Within the largest segment of the IT budget, maintenance and operations, many changes may take place during the course of a year. Older systems are phased out and new ones move from the new application category to the maintenance category. Some applications are routinely upgraded, increasing their usability or availability. Additionally, systems grow in size and number, such as computers, networks, storage, etc. Much of this change in number and size is masked by concurrent increases in efficiency so that there may be a minimal net change to the spending rate of this budget segment during the period of analysis. However, when one steps in and compares the contents of this segment over the period, it is clear that IT is now delivering more services to the organization than it was at the beginning. Quantifying the size of this increase in services over a year, we estimate that the 75 cents of each IT dollar spent in this segment is supporting five cents to 10 cents of new services.

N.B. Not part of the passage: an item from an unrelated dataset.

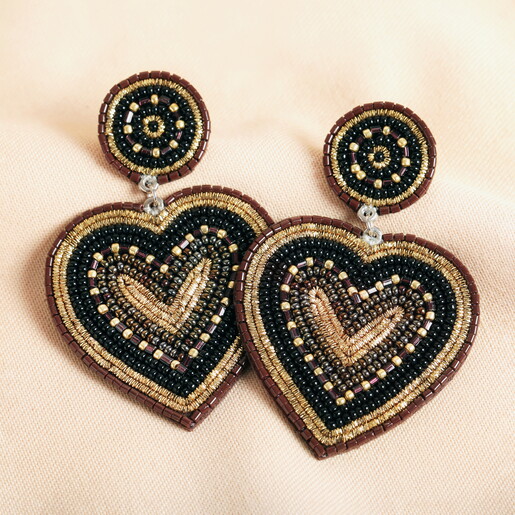 Black Beaded Heart Drop Earrings on a neutral background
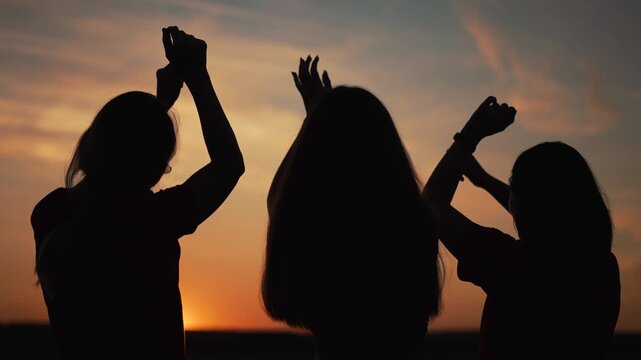 Three girls silhouettes dance with raised hands at sunset. Friends enjoy freedom outdoors. Women silhouettes celebrate together. Sunset sky glows orange. Happy friends dance in evening light.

Moving to the new applications category, there is little that we can do to justify an increase in value for a cancelled project. Though steps should be taken to decrease the number of such applications, methods for this are beyond the scope of this Planning Assumption. The ROI for the 10 cents spent on cancelled projects is zero.
Within the delivered but negative return category, the category itself points us to the ROI. The approximately seven cents spent in this budget segment must be returning between zero and seven cents (we will hope that there are a minimum of systems that decrease the value of the organization).
Moving to the value-positive systems, as with the previous category, the title points us to the likely returns. As a minimum, this eight cents of spending should deliver eight cents or more of return. Estimating the top end of return estimates at a 250 percent ROI (2.5 times the spending), we come up with an estimate of 20 cents.